English    Türkçe    فارسی   

2
31-80

  • Mahzunluk zamanında dost, can aynasıdır. Aynanın yüzünü nefesle buğulandırma.
  • Nefesinden buğulanıp yüzünü senden örtmemesi için her nefeste soluğunu tutman lâzım.
  • Topraktan aşağı mısın ki? Toprak bile sevgiliyi bulunca bir bahar yüzünden yüz binlerce çiçeğe kavuştu.
  • O yaş ağaç, sevgiliyle buluşunca hoş bir hava yüzünden baştan ayağa açıldı, donandı.

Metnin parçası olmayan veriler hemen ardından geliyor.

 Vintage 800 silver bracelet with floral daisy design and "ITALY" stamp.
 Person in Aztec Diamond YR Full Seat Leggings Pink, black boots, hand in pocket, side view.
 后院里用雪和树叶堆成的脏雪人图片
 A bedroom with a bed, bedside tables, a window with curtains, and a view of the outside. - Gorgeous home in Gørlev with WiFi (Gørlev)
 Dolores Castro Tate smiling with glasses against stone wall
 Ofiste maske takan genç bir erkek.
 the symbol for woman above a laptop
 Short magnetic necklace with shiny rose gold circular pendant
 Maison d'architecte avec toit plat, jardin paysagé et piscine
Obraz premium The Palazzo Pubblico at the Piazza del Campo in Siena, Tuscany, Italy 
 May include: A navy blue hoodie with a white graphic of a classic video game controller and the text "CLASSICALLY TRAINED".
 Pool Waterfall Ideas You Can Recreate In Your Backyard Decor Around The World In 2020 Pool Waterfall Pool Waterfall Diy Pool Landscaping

  • Fakat gözün aykırı bir dost görünce başını, yüzünü yorgana çekti. 35
  • “Kötü dostla ünsiyet, belâya bulaşmaktır. Mademki o geldi, bana uyumak düşer.
  • Uyuyayım da Eshabı Kehf’ten olayım. O sıkıntıda o minnette mahpus kalmak, Dıkyanus’tan iyi” dedi.

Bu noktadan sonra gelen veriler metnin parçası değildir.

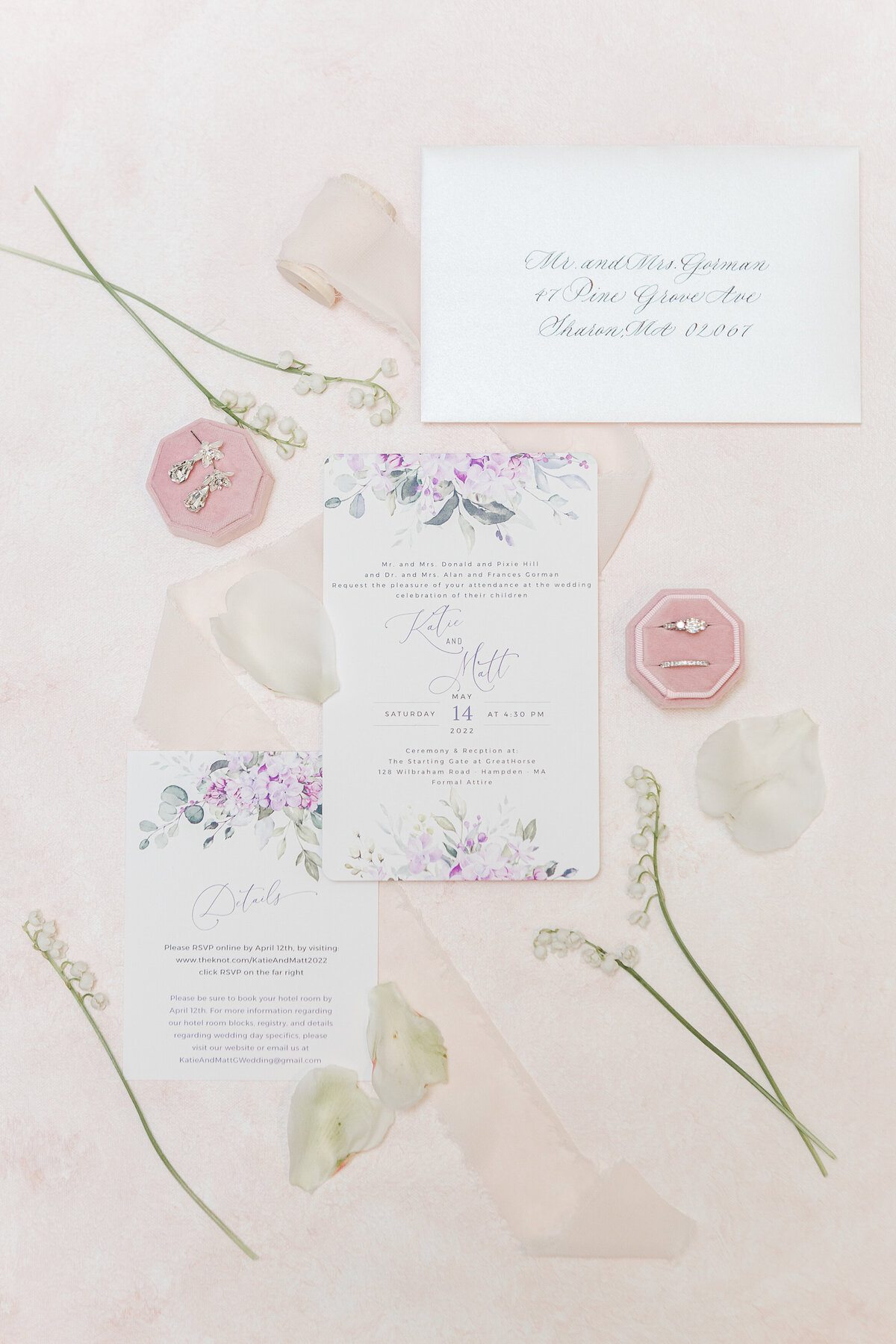 Wedding stationary is featured in a flat lay capturing the details. The image is accented with the rings, ribbon, flowers, and flower petals.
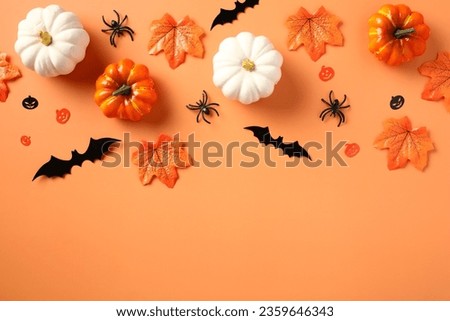 Halloween flat lay composition with pumpkins, spiders, bats, maple leaves on pastel orange background.
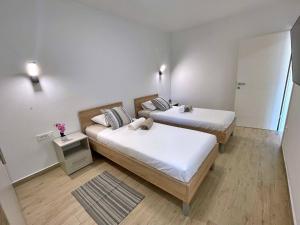 two beds in a small room with white walls at Apartments Bonum in Šilo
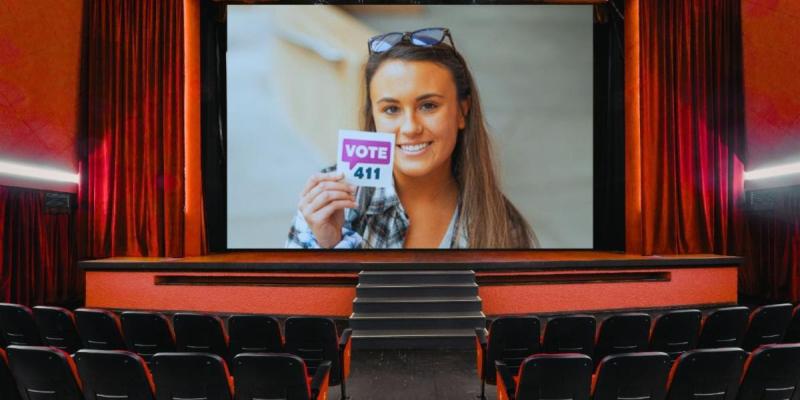 Girl with vote sticker on a movie screen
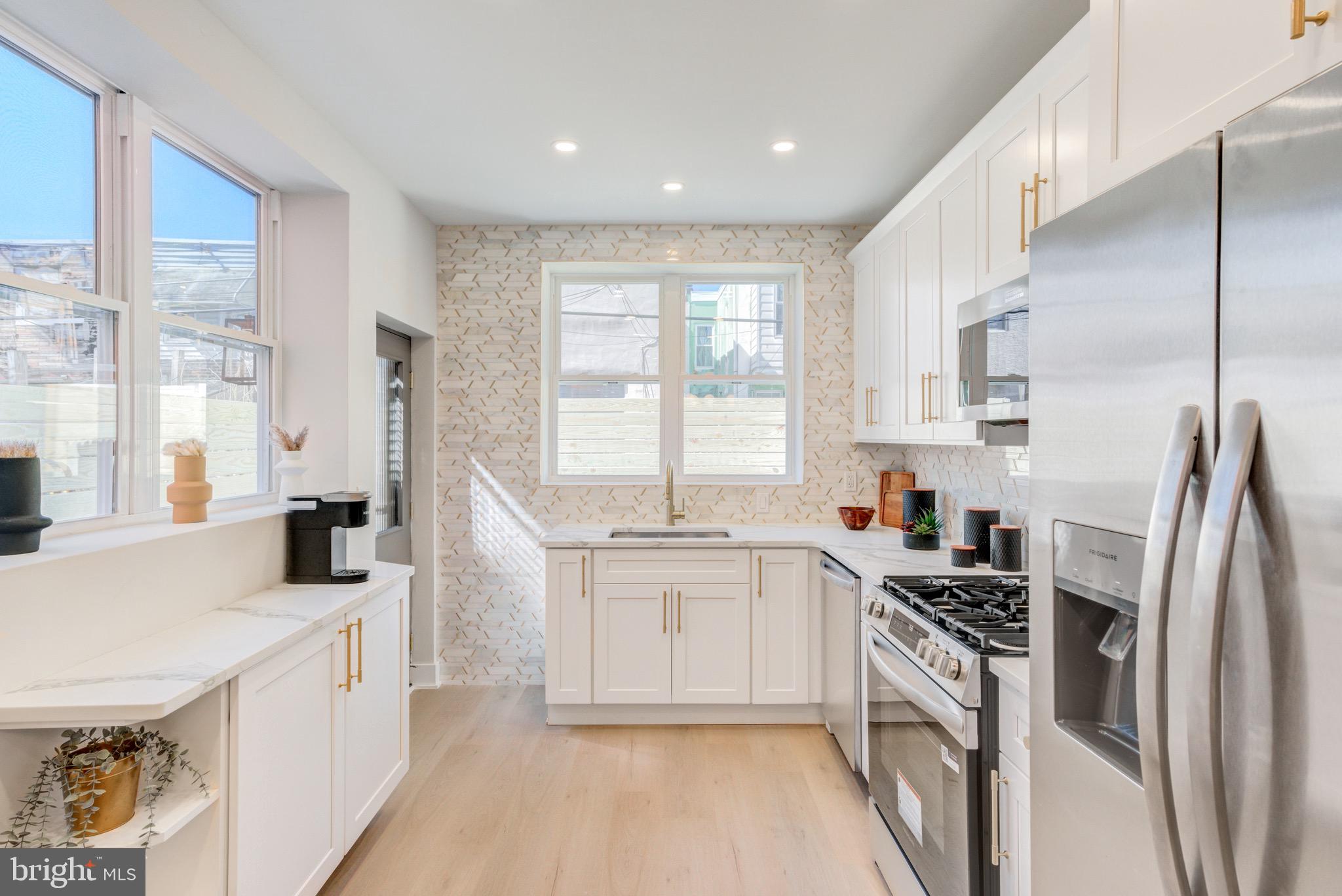 1924 South Lambert Street Philadelphia, PA 19145 - Photo 15 of 35 a kitchen with stainless steel appliances a white cabinets and a large window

  • Eshabı kehf’in uyanıklığı, Dıkyanus’a kulluk etmekti. Fakat uykuları; şereflerini, haysiyetlerini korumuş oldu.
  • Bilgiyle uyumak uyanıklıktır. Vay bilgisizle oturan uyanık kişiye!

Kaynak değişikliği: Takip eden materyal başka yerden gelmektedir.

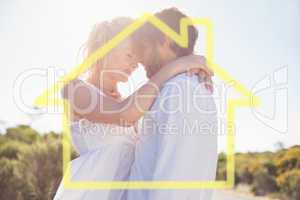 Composite image of attractive couple embracing by the road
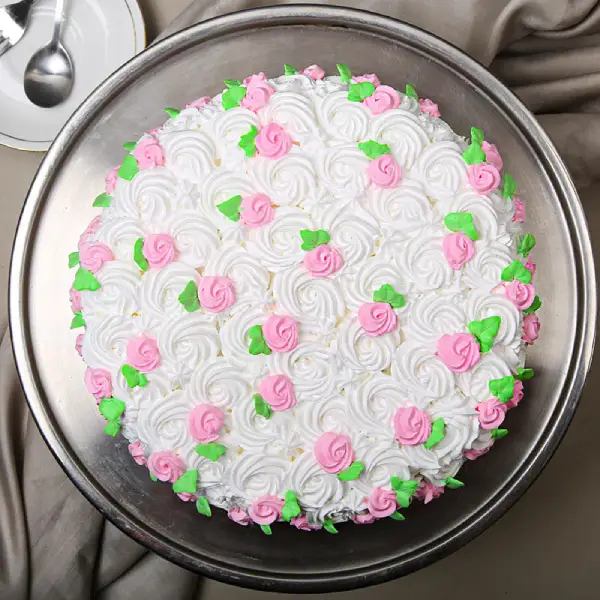 Strawberry Cake with White Flower Frosting
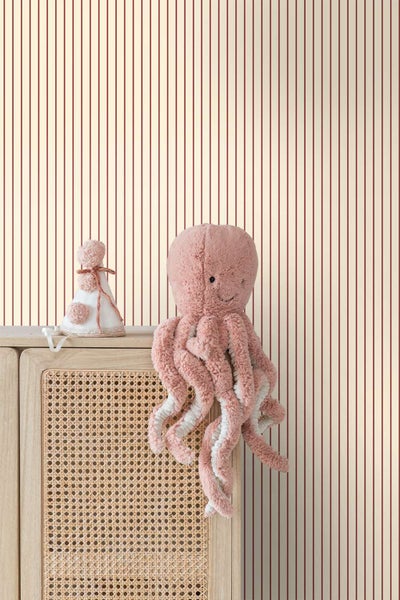 Vliestapete mit feinem Streifenmuster in einem Kinderzimmer mit Holzkommode und Stofftier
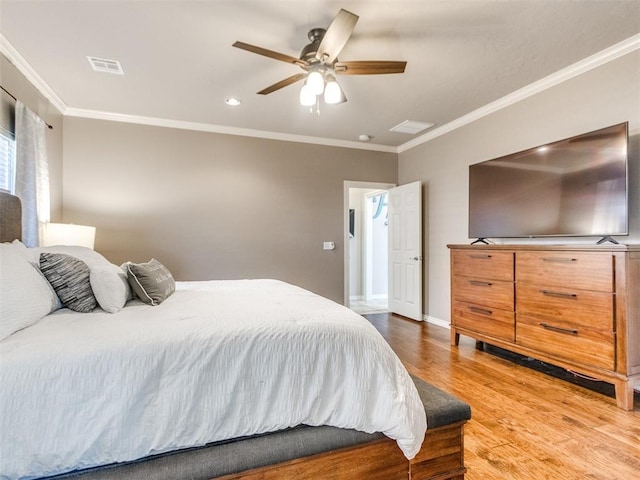 bedroom featuring crown molding, visible vents, light wood-style floors, ceiling fan, and baseboards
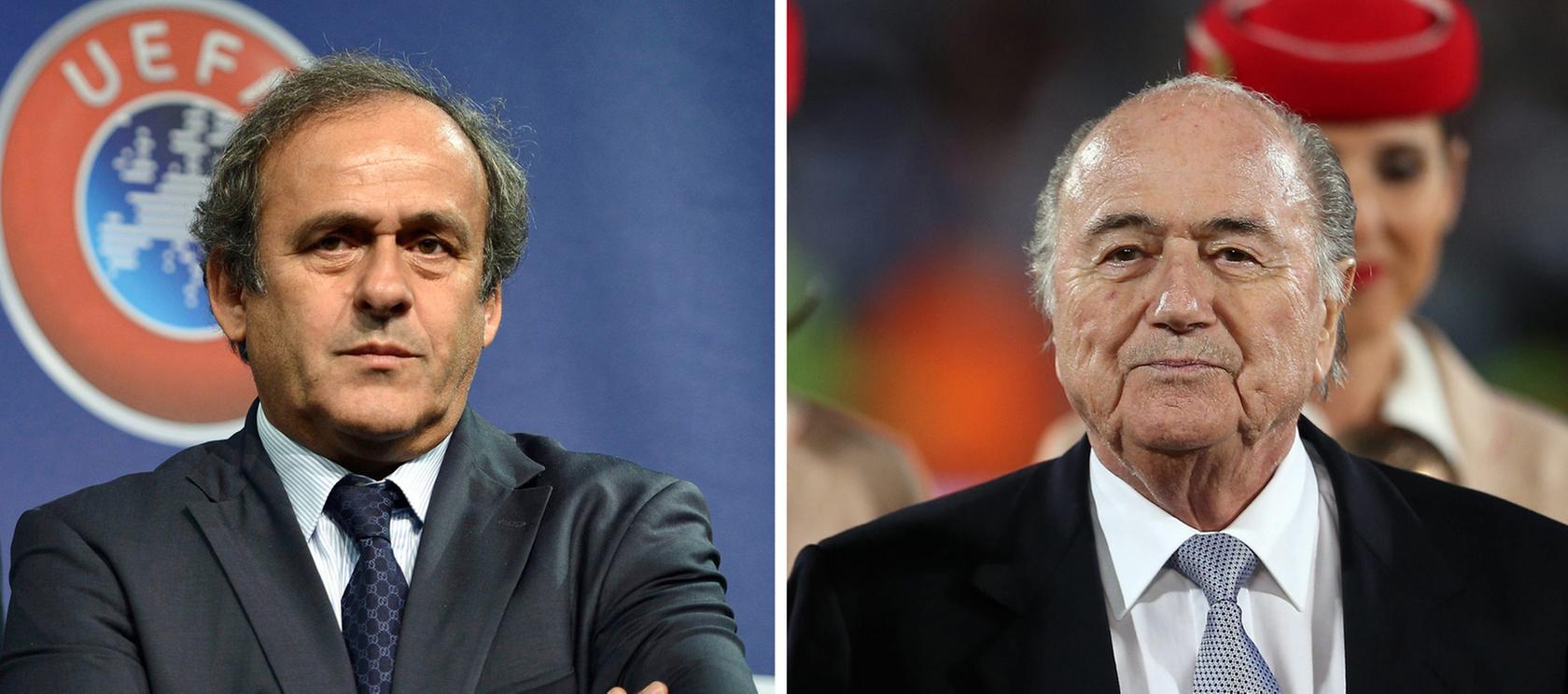 UEFA-Präsident Michel Platini (links) geht auf Distanz zu FIFA-Boss Sepp Blatter.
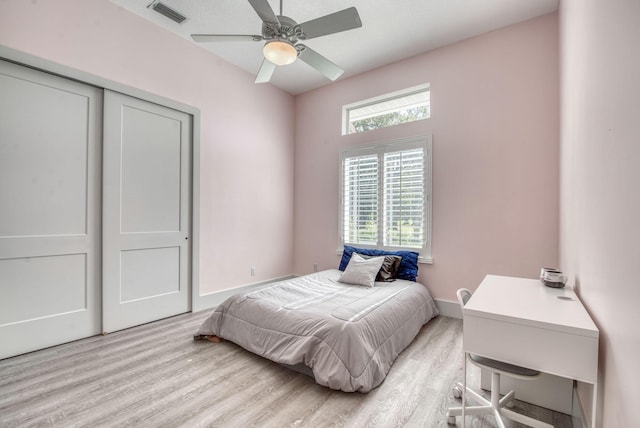 bedroom with ceiling fan, light hardwood / wood-style floors, and a closet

  • Kargalar, güz mevsimi otağlarını kurdular mı, bülbüller gizlenir ve susarlar. 40
  • Çünkü gül bahçesi olmayınca, bülbül sükût eder. Güneşin kayboluşu, uyanıklığı öldürür.
  • Ey güneş! Sen yeraltını aydınlatmak üzere bu gül bahçesini terk ediyorsun.
  • Fakat marifet güneşi, bir yerden bir yere gitmez, o güneş dolunmaz. Onun tanyeri akıl ve candan başka bir yer değildir.
  • Hele işi gücü; gündüz olsun gece olsun, âlemi aydınlatmak olan o cihanın kemal güneşi hiç kaybolmaz.
  • İskender’sen gün doğusuna gel. Ondan sonra nereye gidersen nurlusun, kuvvetlisin! 45
  • Ondan sonra nereye varsan orası doğu olur; doğrular senin batına âşık kesilir.
  • Senin yarasa duygun batıya doğru koşmakta, inciler saçan duygun da doğuya doğru akmakta.
  • Ey atlı! Duygu yolu, eşeklerin yoludur. Ey eşeklere karışan, utan!
  • Bu beş duygudan başka beş duygu daha vardır. O duygular kırmızı altın gibidir, bunlar bakır gibi.
  • Tanıyışta, anlayışta mahareti olanlar, o pazarda nasıl olur da bakır duyguyu altın duygu gibi alırlar? 50
  • Bedenlerin duygusu, zulmet gıdası yemekte, can duygusuysa bir güneşten çerezlenmekte.
  • Ey duygularını derleyip toplayarak gayp âlemine götüren! Musa gibi elini koynundan çıkar.
  • Ey sıfatları marifet güneşi olan! Bu âlem güneşi, bir sıfatla mukayyettir.
  • Hâlbuki sen gâh güneş olursun, gâh deniz. Gâh Kafdağı kesilirsin, gâh Anka.
  • Fakat hakikatte sen ne bu olursun, ne o. Ey vehimlerden uzak, ey ilerden ileri! 55
  • Ruh; ilimle, akılla dosttur. Ruhun Arapçayla, Türkçe’yle ne işi var?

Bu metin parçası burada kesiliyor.